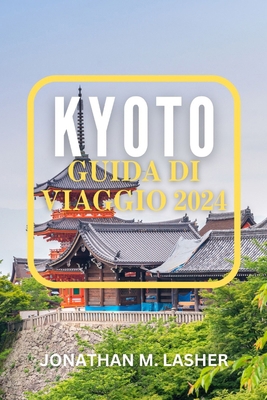 Kyoto Guida Di Viaggio 2024: Giardini tranquill... [Italian]            Book Cover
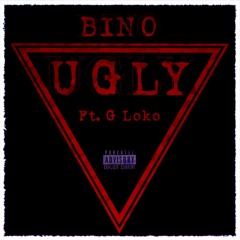 Ugly (Ft. G Loko)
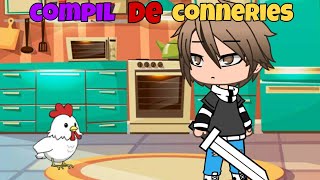 COMPIL DE CONNERIES  Gacha Life Fr [upl. by Drexler989]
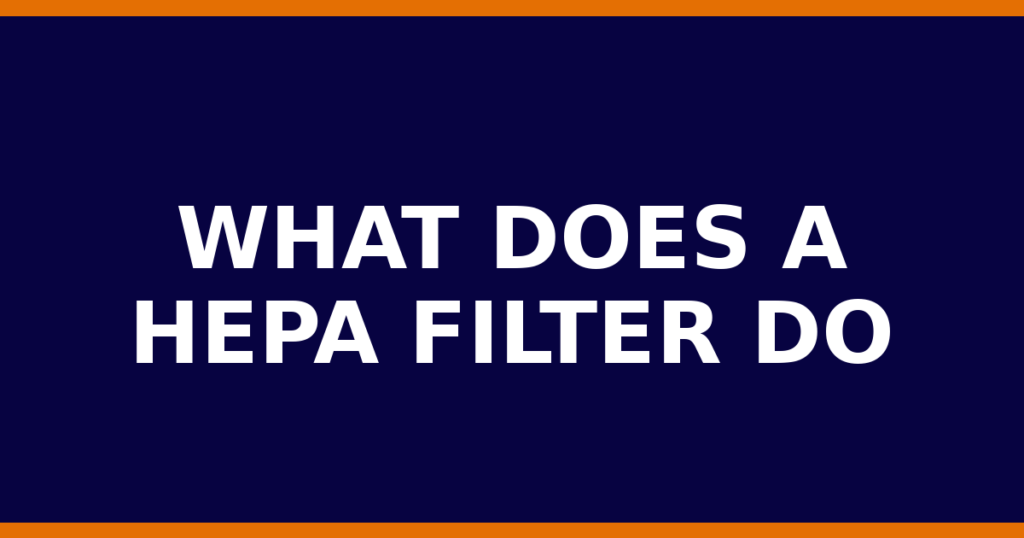 What Does A HEPA Filter Do
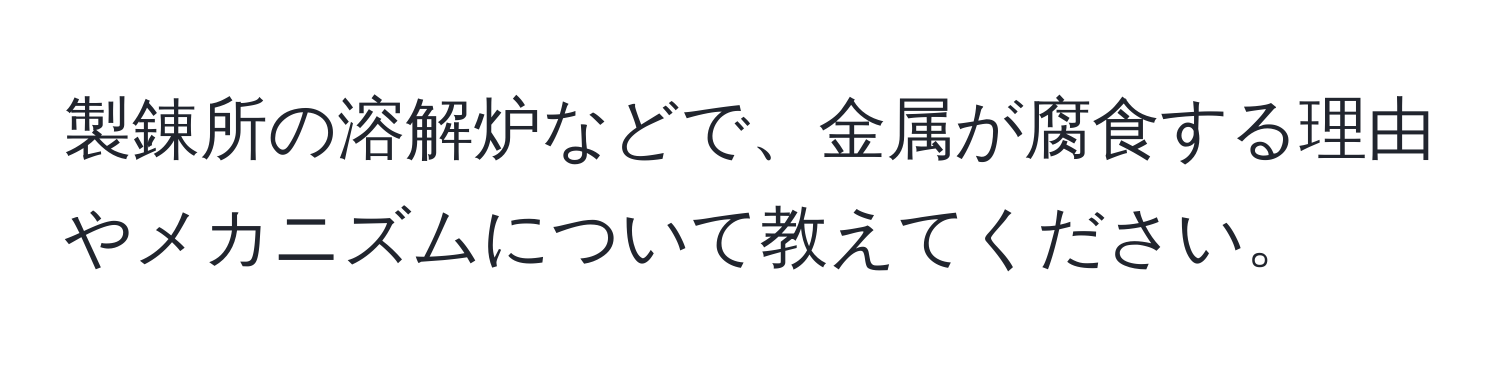 製錬所の溶解炉などで、金属が腐食する理由やメカニズムについて教えてください。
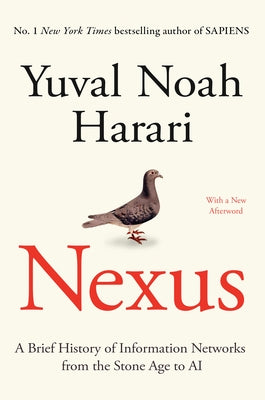 Nexus: A Brief History of Information Networks from the Stone Age to AI by Harari, Yuval Noah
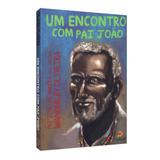 Um Encontro Com Pai João - Dufaux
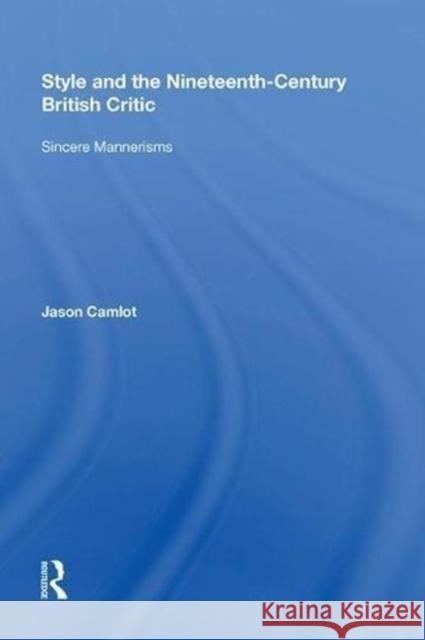 Style and the Nineteenth-Century British Critic: Sincere Mannerisms Jason Camlot 9780815397236 Routledge - książka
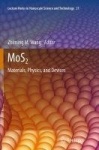 MoS2 - Materials, Physics, and Devices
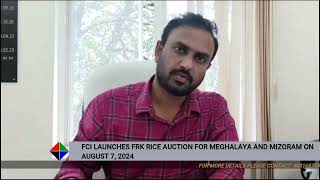 FCI LAUNCHES FRK RICE AUCTION FOR MEGHALAYA AND MIZORAM ON AUGUST 7 2024 [upl. by Monagan]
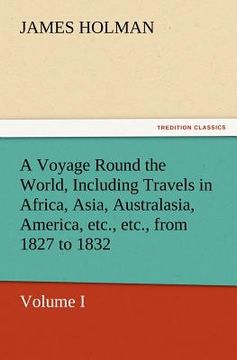 portada a voyage round the world, including travels in africa, asia, australasia, america, etc., etc., from 1827 to 1832 (en Inglés)
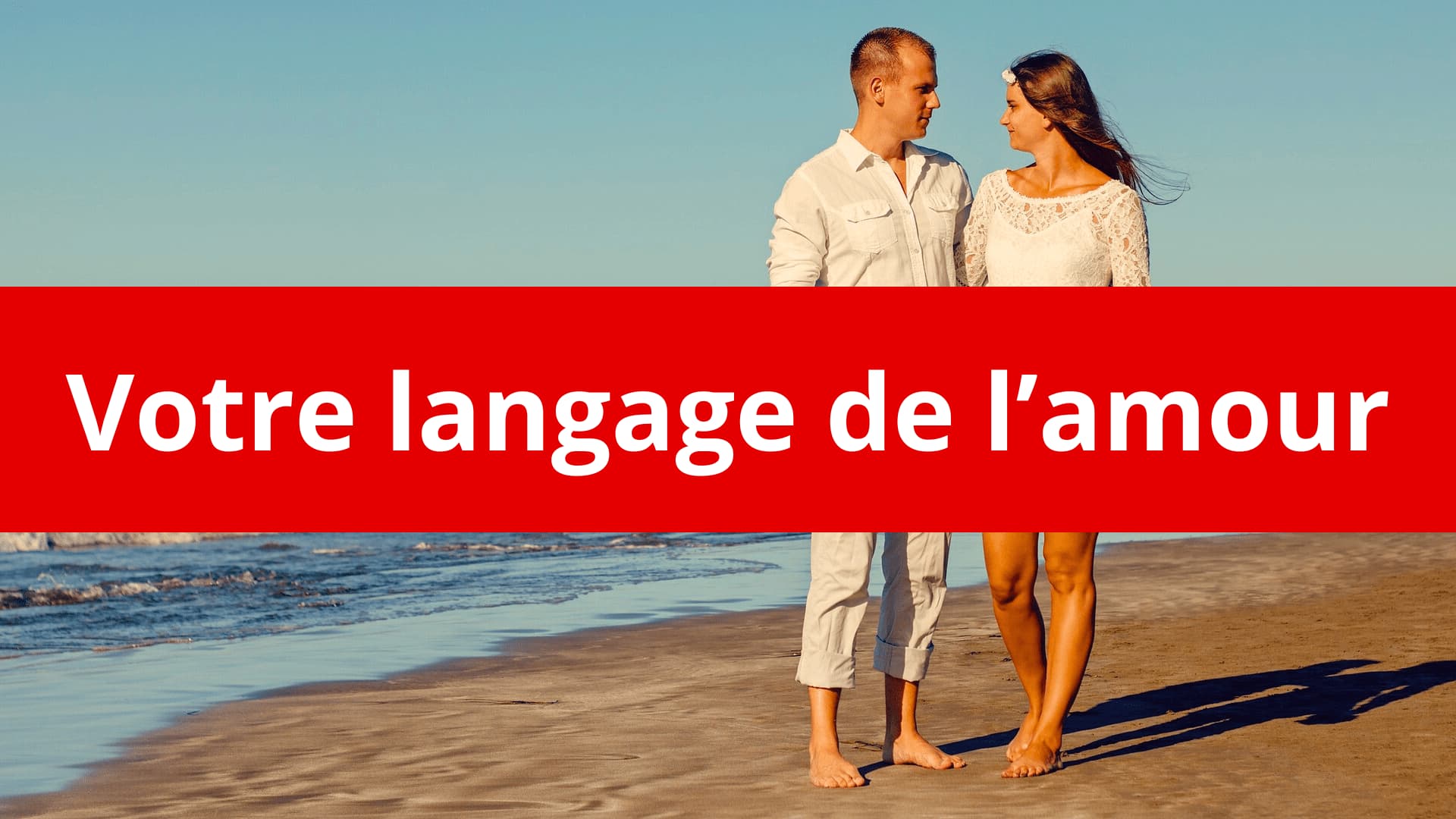 test langage de l'amour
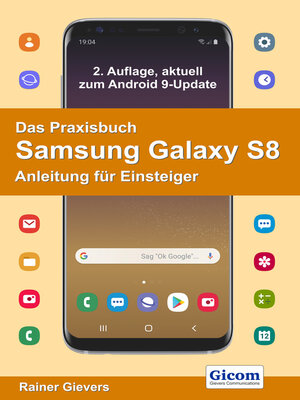 cover image of Das Praxisbuch Samsung Galaxy S8--Anleitung für Einsteiger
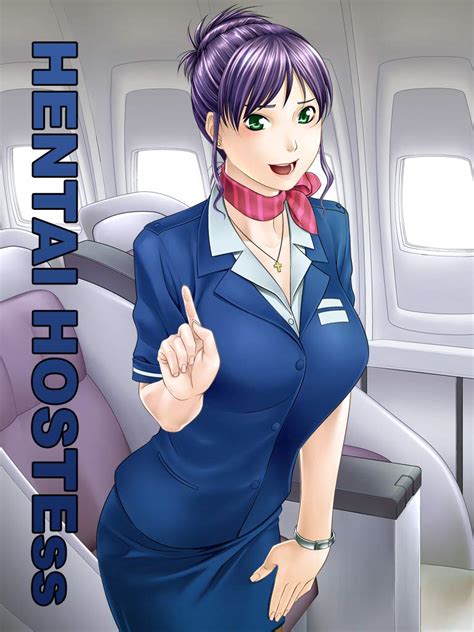 Hentai Hostess The Story Of Hentai Hostess When She Was Going To The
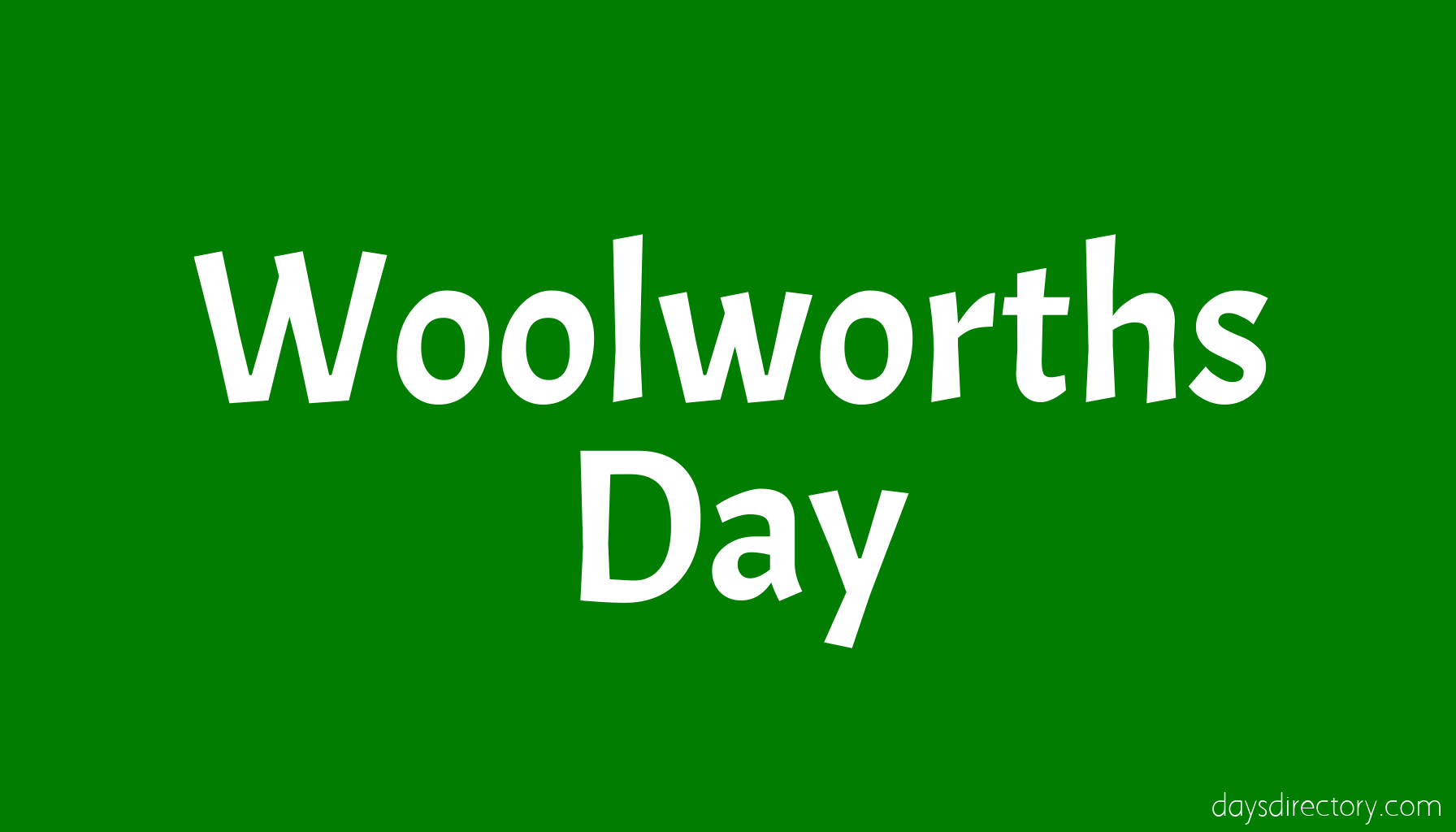Woolworths Day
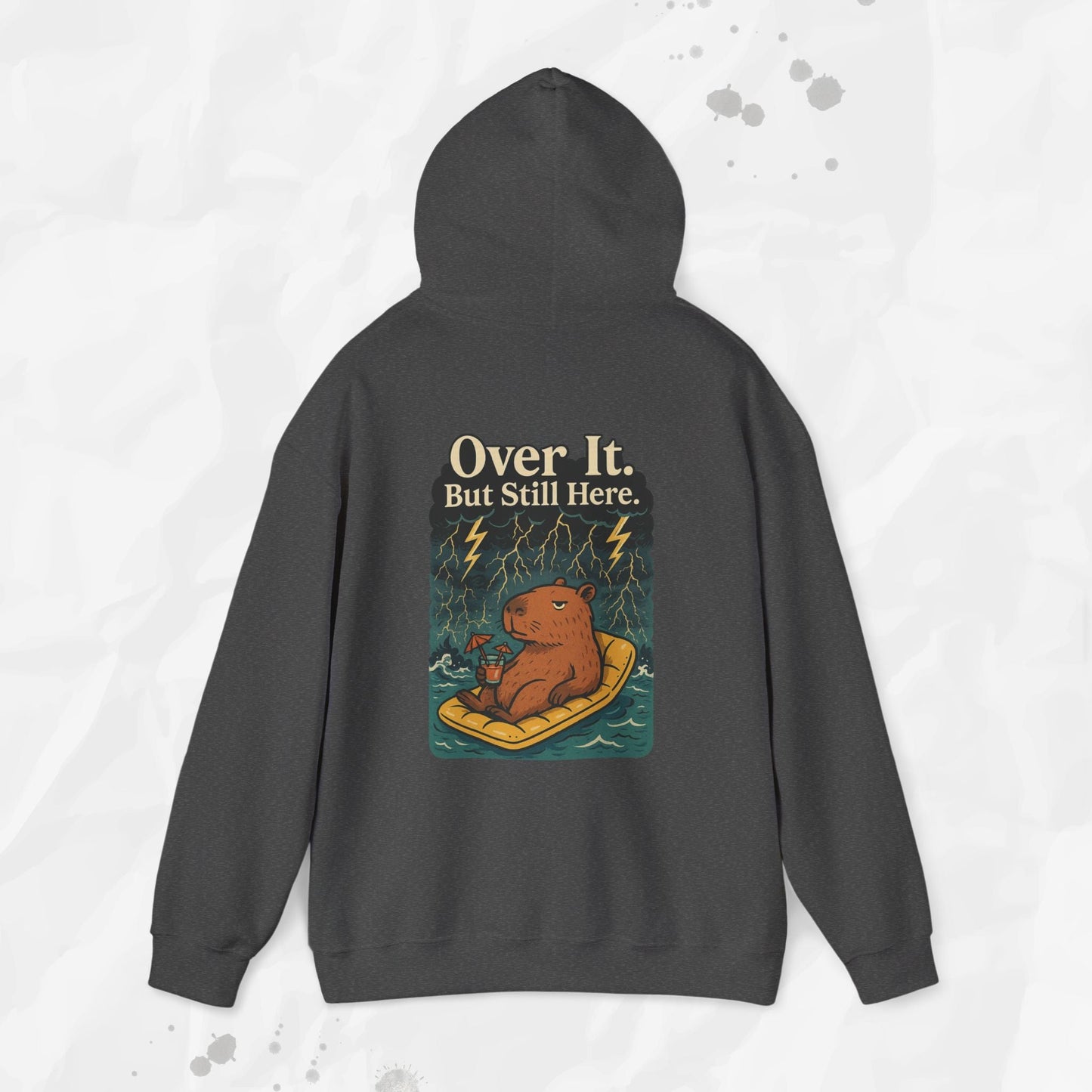 Over It But Still Here - Hoodie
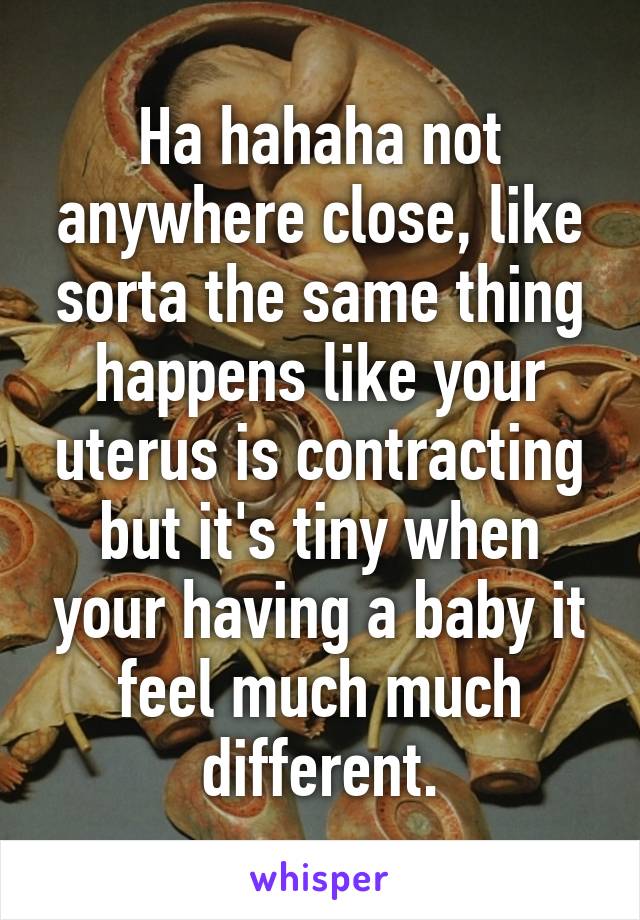 Ha hahaha not anywhere close, like sorta the same thing happens like your uterus is contracting but it's tiny when your having a baby it feel much much different.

^^^^

■ **PROMPT**: Write out every record exactly. Leave the pictures out.

■ **ANSWER TO THE PROBLEM**:
 Kyoto Guida Di Viaggio 2024: Giardini tranquill... [Italian]            Book Cover
 Ugly (Ft. G Loko)
 COMPIL DE CONNERIES  Gacha Life Fr [upl. by Drexler989]
 What Does A HEPA Filter Do
 製錬所の溶解炉などで、金属が腐食する理由やメカニズムについて教えてください。
 Nexus: A Brief History of Information Networks from the Stone Age to AI by Harari, Yuval Noah
 Um Encontro Com Pai João - Dufaux
 Style and the Nineteenth-Century British Critic: Sincere Mannerisms Jason Camlot 9780815397236 Routledge - książka
 MoS2 - Materials, Physics, and Devices
 FCI LAUNCHES FRK RICE AUCTION FOR MEGHALAYA AND MIZORAM ON AUGUST 7 2024 [upl. by Monagan]
 portada a voyage round the world, including travels in africa, asia, australasia, america, etc., etc., from 1827 to 1832 (en Inglés)
 test langage de l'amour
 cover image of Das Praxisbuch Samsung Galaxy S8--Anleitung für Einsteiger
 Hentai Hostess The Story Of Hentai Hostess When She Was Going To The
Woolworths Day
 Over It But Still Here - Hoodie
 Ha hahaha not anywhere close, like sorta the same thing happens like your uterus is contracting but it's tiny when your having a baby it feel much much different.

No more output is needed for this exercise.